POLL: Lost in America, Say Conservatives

Where are we as a nation?

It depends on who you ask and their political identification. For many conservatives, they might say they feel alienated.

A PRRI “American Values” survey finds 47% of Americans say they feel like a stranger living in their own country, while 51% say they’re fine with the way things are.

It’s when you break it down by political party that you find the divide. Many Republicans are lost in America.

“Because more of the culture has changed in a dramatic way, and it’s changed in a way they didn’t want,” says American Spectator publisher Melissa McKenzie.

Six in ten Republicans report a sense of estrangement, a longing for a simpler time.
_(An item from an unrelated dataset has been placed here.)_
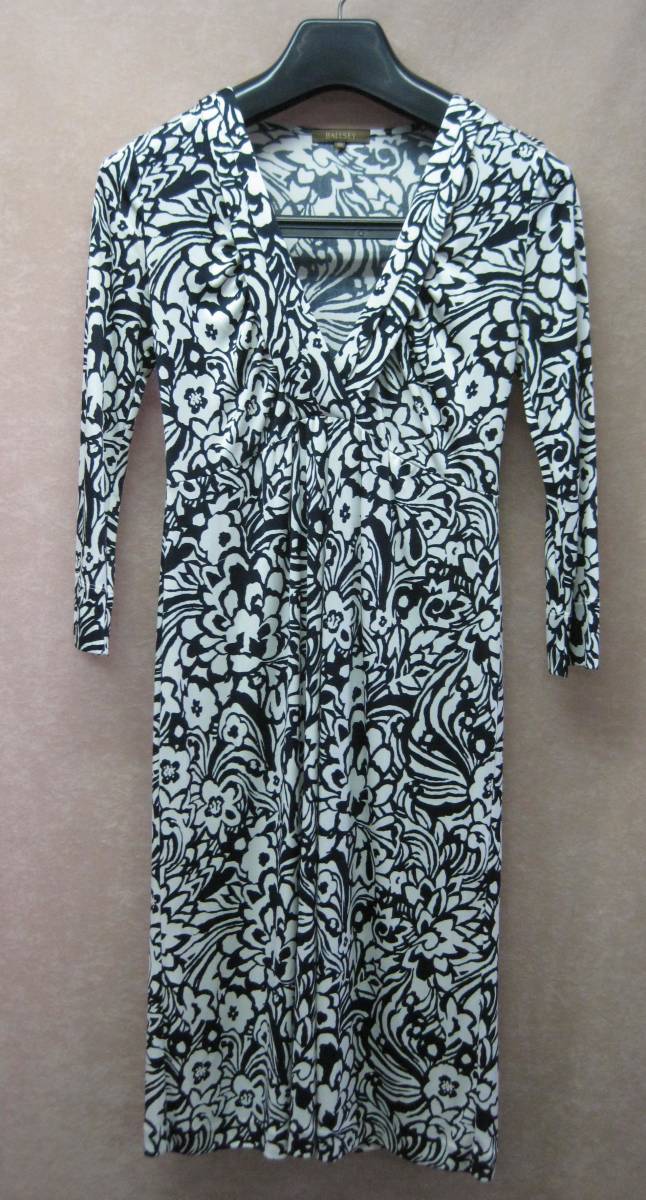BALLSEY トゥモローランド ** Vカットプリントワンピース ◆ 送料込み! 【アイボリーベージュx黒】拍卖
Half of the country says life was better in 1950 and half say it wasn’t, the line of demarcation along party lines; 64% of Republicans say things are worse, 60% of Democrats say things are better.

McKenzie cites as an example the 2008 California ballot measure permitting gay marriage.  “Gay marriage in California was voted down, and the Supreme Court changed it.  The will of nine people were imposed on a whole state,” she says.  In 2018, a Gallup poll finds 67% of Americans now approve of gay marriage.  In 1996, it was 27%.

The black-and-white days of Mayberry RFD have faded into the past with Make Room for Daddy and Leave it To Beaver. “Maybe people are pining for a time when life was simpler.  Technology has complicated things and distanced us from one another,” McKenzie says.